In this short article, I offer recommendations for excellent commentaries and a few monographs that will help pastors and other Christian leaders read the Gospels and Acts with exegetical precision, theological acumen, and pastoral sensitivity. Not all of the commentaries that I mention will do all three, but I assume that those studying the biblical texts carefully will be consulting more than one commentary or monograph. In 2018, Joel Green produced an excellent list for this series, and I highly recommend that readers consult his list as well. Occasionally, I overlap with Green’s recommendations, but largely I have made new suggestions.

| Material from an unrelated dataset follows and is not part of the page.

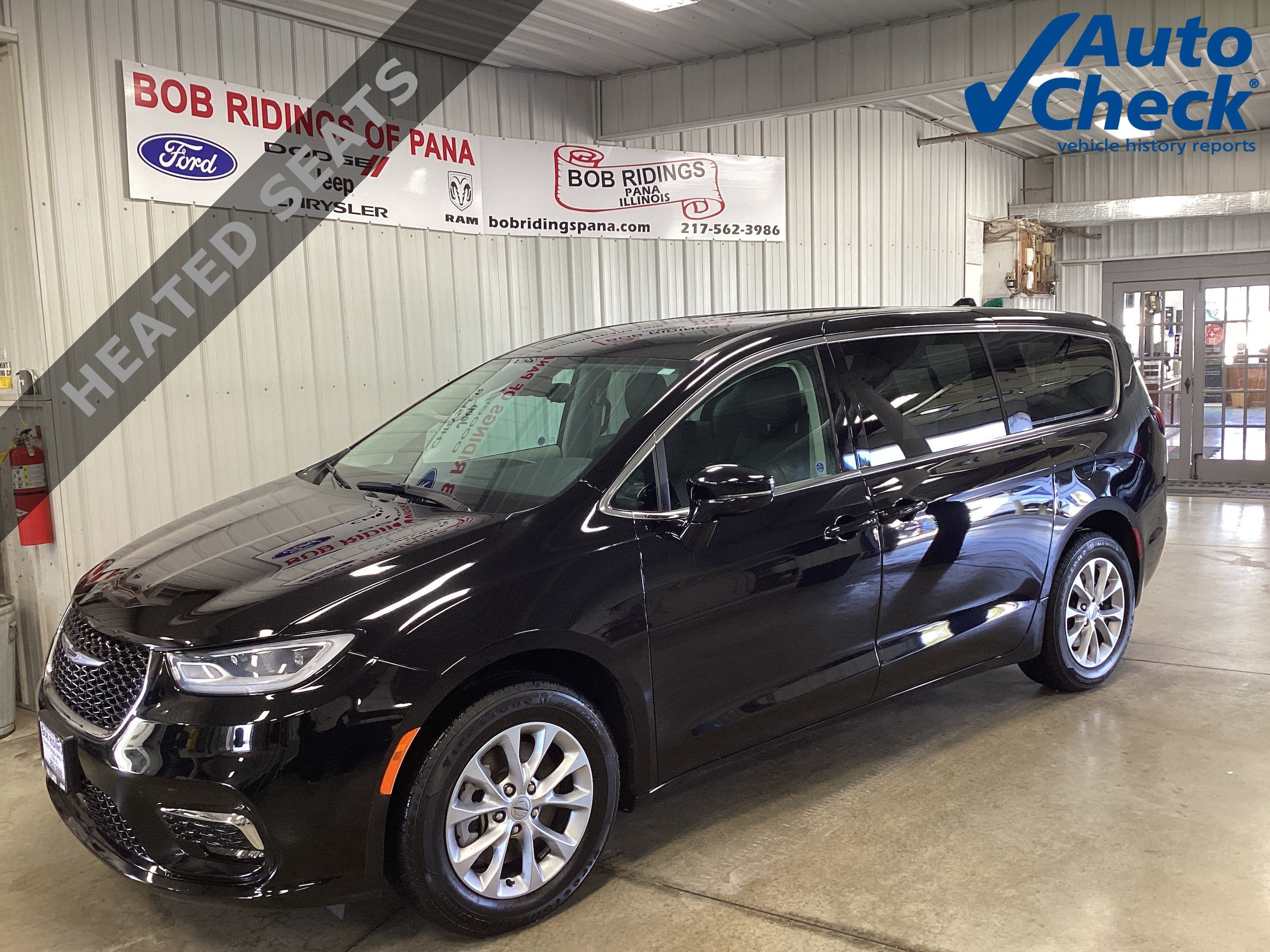 Used 2024 Chrysler Pacifica Touring-L AWD/4WD image 1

If there were one commentary on Matthew that I would not do without, it would be Dale Bruner’s superb two-volume commentary, The Christbook: Matthew 1–12 and The Churchbook: Matthew 13–28 (Eerdmans, 2004). Bruner combines (1) careful exegesis of Matthew, (2) close engagement with critical scholarship, (3) extended discussion of important theological issues, and (4) attention to pressing pastoral questions. In my view, his work has not been surpassed in terms of its intended goal. Second, the recent commentary on Matthew by Jeannine K. Brown and Kyle Roberts in the Two Horizons New Testament Commentary series is superb (Eerdmans, 2018). While the commentary section (Part I) is not as exhaustive as some, it provides excellent exegetical engagement with the text. Parts 2 and 3 are where this commentary shines. In Part 2, the authors offer what amounts to a “theology of Matthew.” In Part 3, the authors take on some difficult theological and social issues in relation to Matthew, and their discussion is thoughtful and engaging.
Third, I have repeatedly turned to David Garland’s Reading Matthew: A Literary and Theological Commentary (Smyth & Helwys, 2001). Garland’s commentary is particularly helpful for illuminating the narrative shape of the Gospel—that is, how exactly Matthew tells the story of Jesus. Moreover, for a relatively short commentary, he provides a good bit of ancient cultural material against which to understand Matthew (e.g., ancient rhetoric, first-century Judaism, etc.). Lastly, though more technical and not in the evangelical tradition, Ulrich Luz’s three volumes on Matthew in the Hermeneia series remain highly valuable not only for his careful reading of Matthew, but also especially for his engagement with ancient Christian sources (Fortress, 2001–2007). Luz consistently dialogues with premodern interpreters, introducing his reader to a perhaps unknown world of Christian voices from the past.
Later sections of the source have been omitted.